Directions for this task: For the entries that follow, restate word for word the line containing "Land-Rover-Discovery-Sport-2020-287LCQ (19)", the line containing "angelababy晒美照,穿挂脖小白裙,清新甜美又减龄_气质_好身材_白色", and every line that lies between them.

(Brief descriptive captions)
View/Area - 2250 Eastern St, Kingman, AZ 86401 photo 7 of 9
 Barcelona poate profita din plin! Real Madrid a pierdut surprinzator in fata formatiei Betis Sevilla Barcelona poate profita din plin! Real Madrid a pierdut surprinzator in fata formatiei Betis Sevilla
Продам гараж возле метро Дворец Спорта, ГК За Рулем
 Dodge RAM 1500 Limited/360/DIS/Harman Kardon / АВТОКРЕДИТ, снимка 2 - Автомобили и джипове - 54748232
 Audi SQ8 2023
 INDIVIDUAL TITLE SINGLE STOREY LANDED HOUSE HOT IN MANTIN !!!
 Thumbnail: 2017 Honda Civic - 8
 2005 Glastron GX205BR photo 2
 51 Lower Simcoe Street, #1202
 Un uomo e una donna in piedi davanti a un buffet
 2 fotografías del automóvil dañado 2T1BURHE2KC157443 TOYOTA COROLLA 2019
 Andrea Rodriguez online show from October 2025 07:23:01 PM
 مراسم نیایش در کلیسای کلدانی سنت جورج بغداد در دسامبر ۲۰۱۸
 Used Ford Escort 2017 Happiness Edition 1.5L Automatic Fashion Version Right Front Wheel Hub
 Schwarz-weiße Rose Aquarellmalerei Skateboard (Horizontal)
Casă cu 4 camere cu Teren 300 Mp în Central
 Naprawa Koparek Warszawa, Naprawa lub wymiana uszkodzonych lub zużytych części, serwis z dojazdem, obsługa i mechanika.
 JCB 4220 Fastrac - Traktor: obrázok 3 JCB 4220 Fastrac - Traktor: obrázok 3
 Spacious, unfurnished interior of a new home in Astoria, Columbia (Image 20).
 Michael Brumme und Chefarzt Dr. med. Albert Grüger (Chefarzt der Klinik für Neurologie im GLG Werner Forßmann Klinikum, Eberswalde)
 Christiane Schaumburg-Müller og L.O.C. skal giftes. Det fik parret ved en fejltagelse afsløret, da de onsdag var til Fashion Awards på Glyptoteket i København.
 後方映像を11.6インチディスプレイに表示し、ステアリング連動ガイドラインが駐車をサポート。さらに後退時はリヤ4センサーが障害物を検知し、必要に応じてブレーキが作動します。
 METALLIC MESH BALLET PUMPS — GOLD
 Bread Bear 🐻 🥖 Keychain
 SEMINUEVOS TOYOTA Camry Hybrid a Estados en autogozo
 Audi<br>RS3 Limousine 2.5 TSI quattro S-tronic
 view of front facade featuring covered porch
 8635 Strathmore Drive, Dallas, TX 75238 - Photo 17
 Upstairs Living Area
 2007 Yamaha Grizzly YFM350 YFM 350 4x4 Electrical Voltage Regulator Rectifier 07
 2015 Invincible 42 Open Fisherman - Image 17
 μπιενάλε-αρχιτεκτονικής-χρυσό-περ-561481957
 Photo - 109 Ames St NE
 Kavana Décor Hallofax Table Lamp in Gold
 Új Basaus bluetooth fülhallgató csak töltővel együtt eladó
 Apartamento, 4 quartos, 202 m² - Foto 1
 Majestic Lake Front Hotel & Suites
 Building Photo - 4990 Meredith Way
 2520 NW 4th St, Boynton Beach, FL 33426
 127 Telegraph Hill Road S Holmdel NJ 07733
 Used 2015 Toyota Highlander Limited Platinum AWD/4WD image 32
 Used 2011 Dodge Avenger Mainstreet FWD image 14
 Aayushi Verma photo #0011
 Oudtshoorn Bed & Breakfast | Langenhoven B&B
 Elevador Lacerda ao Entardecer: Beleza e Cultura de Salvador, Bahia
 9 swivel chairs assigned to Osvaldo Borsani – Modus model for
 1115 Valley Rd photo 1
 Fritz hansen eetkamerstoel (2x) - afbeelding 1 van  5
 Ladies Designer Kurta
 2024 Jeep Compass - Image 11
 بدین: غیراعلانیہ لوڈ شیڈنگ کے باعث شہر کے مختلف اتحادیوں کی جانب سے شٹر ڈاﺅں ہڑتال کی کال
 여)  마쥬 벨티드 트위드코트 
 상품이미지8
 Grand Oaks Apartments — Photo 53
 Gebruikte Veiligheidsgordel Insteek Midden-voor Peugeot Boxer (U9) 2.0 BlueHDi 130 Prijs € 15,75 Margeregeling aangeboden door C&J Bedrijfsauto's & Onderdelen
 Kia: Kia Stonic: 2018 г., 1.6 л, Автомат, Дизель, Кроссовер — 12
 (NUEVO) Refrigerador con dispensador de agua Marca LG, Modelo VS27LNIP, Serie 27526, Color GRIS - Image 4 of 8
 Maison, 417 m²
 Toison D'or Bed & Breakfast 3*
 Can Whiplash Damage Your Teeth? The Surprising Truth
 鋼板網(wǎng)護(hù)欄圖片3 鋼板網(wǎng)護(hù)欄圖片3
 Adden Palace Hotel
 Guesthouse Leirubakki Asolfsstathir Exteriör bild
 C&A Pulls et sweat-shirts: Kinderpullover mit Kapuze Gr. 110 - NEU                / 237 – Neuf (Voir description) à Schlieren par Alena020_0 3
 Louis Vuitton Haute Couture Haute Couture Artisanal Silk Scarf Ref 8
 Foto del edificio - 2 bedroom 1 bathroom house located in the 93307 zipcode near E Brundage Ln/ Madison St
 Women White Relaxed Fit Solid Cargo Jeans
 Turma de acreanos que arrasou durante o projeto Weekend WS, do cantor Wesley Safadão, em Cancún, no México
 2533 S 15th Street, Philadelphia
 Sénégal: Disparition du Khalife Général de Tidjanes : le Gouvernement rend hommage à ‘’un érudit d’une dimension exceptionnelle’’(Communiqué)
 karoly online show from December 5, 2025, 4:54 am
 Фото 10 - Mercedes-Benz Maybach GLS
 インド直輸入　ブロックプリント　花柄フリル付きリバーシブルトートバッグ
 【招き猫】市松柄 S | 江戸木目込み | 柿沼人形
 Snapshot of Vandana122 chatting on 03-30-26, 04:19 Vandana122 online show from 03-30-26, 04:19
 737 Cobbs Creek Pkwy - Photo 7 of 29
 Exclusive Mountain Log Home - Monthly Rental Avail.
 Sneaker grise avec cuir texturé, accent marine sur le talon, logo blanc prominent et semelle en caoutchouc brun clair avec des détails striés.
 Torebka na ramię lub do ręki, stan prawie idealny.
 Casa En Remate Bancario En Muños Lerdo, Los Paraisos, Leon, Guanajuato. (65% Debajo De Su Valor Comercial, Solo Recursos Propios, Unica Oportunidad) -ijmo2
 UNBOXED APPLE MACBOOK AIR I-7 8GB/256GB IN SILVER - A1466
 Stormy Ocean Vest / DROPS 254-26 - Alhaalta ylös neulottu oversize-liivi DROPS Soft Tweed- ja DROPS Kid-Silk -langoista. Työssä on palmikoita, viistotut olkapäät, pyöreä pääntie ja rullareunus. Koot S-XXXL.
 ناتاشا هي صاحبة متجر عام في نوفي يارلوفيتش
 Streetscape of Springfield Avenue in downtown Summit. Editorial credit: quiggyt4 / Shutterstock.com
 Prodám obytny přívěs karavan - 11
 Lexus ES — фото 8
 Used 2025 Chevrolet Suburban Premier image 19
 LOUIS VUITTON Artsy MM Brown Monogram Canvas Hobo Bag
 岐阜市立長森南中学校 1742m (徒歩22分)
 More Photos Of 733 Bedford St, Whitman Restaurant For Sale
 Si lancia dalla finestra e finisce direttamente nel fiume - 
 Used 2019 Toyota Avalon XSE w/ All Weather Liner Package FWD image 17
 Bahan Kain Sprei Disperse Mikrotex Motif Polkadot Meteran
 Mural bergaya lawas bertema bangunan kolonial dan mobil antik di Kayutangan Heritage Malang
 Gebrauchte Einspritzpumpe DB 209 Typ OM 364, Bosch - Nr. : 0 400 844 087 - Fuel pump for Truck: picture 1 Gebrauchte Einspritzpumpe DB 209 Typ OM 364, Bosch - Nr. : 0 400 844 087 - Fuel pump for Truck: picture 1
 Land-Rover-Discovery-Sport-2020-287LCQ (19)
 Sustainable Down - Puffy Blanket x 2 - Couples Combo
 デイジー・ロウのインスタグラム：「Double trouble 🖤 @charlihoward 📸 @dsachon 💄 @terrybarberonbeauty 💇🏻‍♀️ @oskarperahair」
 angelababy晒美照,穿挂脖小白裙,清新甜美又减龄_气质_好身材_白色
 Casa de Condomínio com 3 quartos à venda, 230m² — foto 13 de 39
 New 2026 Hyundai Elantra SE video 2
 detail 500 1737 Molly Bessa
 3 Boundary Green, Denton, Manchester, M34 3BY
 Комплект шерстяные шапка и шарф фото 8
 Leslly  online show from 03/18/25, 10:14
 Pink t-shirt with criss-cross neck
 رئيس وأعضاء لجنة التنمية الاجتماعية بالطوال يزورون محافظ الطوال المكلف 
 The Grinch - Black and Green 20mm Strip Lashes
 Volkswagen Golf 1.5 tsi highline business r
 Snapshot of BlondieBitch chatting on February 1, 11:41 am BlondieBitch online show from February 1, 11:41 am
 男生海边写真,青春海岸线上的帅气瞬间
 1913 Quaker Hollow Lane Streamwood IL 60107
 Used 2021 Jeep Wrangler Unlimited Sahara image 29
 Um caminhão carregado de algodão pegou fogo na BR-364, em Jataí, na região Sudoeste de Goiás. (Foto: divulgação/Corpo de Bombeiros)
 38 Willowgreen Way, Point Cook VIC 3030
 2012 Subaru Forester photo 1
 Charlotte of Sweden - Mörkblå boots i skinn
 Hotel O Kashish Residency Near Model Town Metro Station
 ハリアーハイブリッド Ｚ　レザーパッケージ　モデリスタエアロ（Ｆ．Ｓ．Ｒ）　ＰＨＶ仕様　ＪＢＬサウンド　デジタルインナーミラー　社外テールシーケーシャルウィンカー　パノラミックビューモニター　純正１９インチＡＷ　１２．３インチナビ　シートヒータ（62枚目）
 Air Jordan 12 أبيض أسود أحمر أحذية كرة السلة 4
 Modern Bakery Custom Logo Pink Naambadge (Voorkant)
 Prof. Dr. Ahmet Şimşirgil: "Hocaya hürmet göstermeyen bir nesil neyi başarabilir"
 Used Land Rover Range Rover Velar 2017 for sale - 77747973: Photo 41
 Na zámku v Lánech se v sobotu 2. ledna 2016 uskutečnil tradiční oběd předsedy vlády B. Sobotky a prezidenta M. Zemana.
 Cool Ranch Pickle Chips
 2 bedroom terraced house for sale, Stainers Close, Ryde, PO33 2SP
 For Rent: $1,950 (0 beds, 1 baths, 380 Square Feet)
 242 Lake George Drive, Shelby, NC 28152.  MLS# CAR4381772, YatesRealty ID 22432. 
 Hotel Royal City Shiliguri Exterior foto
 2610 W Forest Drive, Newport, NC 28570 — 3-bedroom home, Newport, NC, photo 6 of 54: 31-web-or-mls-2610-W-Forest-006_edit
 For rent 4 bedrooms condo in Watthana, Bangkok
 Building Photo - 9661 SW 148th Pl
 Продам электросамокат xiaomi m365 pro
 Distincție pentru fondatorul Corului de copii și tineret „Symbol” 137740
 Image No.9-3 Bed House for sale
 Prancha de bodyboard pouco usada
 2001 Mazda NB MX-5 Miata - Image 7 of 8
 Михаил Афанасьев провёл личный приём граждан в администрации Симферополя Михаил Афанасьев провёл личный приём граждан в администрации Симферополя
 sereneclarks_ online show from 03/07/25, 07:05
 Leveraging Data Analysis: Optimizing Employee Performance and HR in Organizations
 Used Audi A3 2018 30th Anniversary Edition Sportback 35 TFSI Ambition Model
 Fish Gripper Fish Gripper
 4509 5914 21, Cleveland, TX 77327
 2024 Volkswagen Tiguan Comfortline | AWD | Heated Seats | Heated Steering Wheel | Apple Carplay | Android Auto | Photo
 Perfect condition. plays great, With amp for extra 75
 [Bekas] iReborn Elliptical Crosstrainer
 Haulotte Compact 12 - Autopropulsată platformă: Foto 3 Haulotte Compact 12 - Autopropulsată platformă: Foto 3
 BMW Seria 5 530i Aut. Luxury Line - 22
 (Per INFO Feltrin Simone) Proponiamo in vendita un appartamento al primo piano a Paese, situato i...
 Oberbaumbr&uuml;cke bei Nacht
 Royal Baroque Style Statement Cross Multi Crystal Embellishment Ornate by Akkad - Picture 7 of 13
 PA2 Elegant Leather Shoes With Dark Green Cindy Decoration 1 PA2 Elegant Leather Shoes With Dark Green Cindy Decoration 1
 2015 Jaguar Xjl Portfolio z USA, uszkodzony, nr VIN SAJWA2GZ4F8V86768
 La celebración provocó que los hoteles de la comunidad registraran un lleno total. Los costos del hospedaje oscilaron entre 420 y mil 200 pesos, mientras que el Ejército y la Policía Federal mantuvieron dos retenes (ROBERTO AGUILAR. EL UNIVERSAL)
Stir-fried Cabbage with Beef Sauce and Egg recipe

Result below:
 Land-Rover-Discovery-Sport-2020-287LCQ (19)
 Sustainable Down - Puffy Blanket x 2 - Couples Combo
 デイジー・ロウのインスタグラム：「Double trouble 🖤 @charlihoward 📸 @dsachon 💄 @terrybarberonbeauty 💇🏻‍♀️ @oskarperahair」
 angelababy晒美照,穿挂脖小白裙,清新甜美又减龄_气质_好身材_白色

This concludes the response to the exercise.